Je ne pense pas que Marine Le Pen soit coincée par son père. Jean-Marie Le Pen n’a plus le rôle politique qu’il avait dans les années précédentes, outre le fait qu’il soit président d’honneur. Aujourd’hui, les déclarations qu’il peut faire n’ont pas un effet retentissant car Marine Le Pen corrige directement sa ligne politique. Donc ses déclarations n’ont pas une incidence aussi forte que lorsqu’il était président du parti. Et puis tout le monde sait que c’est un provocateur né.

En revanche, Marine Le Pen est beaucoup plus coincée par sa nièce. Marion Maréchal Le Pen représente l’avenir du parti. Elle a beaucoup plus de poids au sein des militants du Front National que son grand-père. Elle représente une ligne plus radicale que sa tante. Jean-Marie Le Pen lui n’a plus qu’un poids historique, un poids qui fédère les militants, mais il n’a pas le poids idéologique que peu avoir Marion Maréchal Le Pen. Et dans ses dernières actions, notamment le tweet de la vidéo d’Aymeric Chauprade malgré les mises en garde de la patronne du parti, elle est dans une ligne anti-dédiabolisation.  Elle défend la ligne Chauprade / Jean-Marie Le Pen qui possède un poids encore important chez les militants.

Je n’irais pas cependant jusqu’à prédire une scission de ligne interne au parti. Dès que l’on parle de scission, on pense tout de suite à la scission maigretiste à la suite de laquelle le parti a éclaté pendant des années. Aujourd’hui c’est un contexte différent. Même si Marion Maréchal Le Pen et Marine Le Pen sont sur des lignes politiques différentes, il est possible de leur donner une adéquation.

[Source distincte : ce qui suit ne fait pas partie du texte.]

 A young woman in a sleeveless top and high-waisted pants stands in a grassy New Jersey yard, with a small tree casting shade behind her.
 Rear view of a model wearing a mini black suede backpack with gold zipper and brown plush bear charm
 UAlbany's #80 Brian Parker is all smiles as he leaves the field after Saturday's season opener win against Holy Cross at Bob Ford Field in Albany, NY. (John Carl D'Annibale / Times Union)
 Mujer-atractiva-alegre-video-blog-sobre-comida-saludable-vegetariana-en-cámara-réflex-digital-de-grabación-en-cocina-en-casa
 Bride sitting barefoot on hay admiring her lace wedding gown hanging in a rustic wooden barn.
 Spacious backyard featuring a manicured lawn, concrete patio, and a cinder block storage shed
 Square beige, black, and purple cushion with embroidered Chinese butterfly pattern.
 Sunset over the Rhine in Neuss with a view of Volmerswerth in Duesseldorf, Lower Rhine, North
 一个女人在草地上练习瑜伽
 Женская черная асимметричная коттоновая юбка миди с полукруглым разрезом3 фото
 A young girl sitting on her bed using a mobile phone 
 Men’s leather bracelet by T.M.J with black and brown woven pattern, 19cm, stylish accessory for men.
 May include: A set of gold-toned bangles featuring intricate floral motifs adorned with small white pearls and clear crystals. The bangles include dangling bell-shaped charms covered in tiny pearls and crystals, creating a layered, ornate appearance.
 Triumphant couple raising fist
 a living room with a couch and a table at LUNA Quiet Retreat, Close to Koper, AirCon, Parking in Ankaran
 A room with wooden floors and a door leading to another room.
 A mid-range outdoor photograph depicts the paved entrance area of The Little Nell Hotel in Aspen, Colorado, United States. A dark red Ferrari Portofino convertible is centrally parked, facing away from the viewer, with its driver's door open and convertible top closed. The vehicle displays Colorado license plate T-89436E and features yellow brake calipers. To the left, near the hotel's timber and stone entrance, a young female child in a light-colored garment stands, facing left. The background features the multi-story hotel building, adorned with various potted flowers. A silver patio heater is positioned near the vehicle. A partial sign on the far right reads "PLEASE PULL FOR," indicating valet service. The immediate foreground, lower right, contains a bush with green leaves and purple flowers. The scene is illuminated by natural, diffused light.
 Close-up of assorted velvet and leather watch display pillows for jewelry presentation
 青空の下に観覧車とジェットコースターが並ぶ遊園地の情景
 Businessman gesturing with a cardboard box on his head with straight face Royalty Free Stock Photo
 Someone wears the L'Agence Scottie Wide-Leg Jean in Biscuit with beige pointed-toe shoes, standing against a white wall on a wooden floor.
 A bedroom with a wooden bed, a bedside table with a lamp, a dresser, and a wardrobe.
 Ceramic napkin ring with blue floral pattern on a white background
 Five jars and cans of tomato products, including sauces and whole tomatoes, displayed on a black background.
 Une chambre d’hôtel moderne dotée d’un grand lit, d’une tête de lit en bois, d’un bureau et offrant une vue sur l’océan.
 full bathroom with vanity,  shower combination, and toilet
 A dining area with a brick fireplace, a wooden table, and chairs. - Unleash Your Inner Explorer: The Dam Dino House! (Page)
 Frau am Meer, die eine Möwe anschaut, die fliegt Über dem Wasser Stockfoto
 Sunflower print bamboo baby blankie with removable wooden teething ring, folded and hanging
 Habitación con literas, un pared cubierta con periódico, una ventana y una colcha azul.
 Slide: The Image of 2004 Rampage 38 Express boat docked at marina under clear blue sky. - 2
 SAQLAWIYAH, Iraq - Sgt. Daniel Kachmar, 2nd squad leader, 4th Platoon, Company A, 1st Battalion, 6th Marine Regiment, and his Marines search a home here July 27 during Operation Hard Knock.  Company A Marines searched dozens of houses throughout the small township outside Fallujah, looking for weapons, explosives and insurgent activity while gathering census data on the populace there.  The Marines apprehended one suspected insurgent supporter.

Par ailleurs, le Front national rassemble aujourd’hui tellement d’électeurs de divers horizons politiques qu'en cas de scission, le parti risque de perdre son identité, alors que Marine Le Pen a réussi à fédérer un électorat très large.

Alors que Marine Le Pen s’attaquait au plan antiterroriste, son collègue Gilbert Collard a trouvé les mesures du plan Valls "utiles". A force de se définir comme un parti antisystème en dénonçant l’UMPS, ne finit-elle pas par se trouver dans une impasse politique quitte à être désavouée par les membres de son propre parti ?

Tout l’ambivalence du Front National aujourd’hui est de surfer sur ce côté antisystème et en même temps de s’imbriquer dans le jeu politique, dans lequel elle doit se situer si Marine Le Pen souhaite rester dans la course. Elle doit surfer entre la normalité et l’opposition à un système. C’est l’essence du Front National.

Elle est sur un fil fragile qui va l’obliger petit à petit à décider de la ligne à adopter, et être beaucoup plus décisive dans sa stratégie. Elle ne peut pas être à la fois un parti d’opposition et un parti de gouvernement. Son but c’est 2017, mais surtout 2022.

Toute la question est maintenant de savoir comment elle va jouer sur les deux tableaux notamment avec son électorat qui est de plus en plus large et qu’elle doit contenter. Les idéologues du Front National sont très partagés par pas mal d’idées et de concepts contradictoires, Marine Le Pen doit avant tout créer une uniformité importante de la ligne politique du Parti. Dans le même temps, le calendrier électoral faut qu’elle doit se conforter à des concepts de système républicains et démocratiques pour continuer d’exister.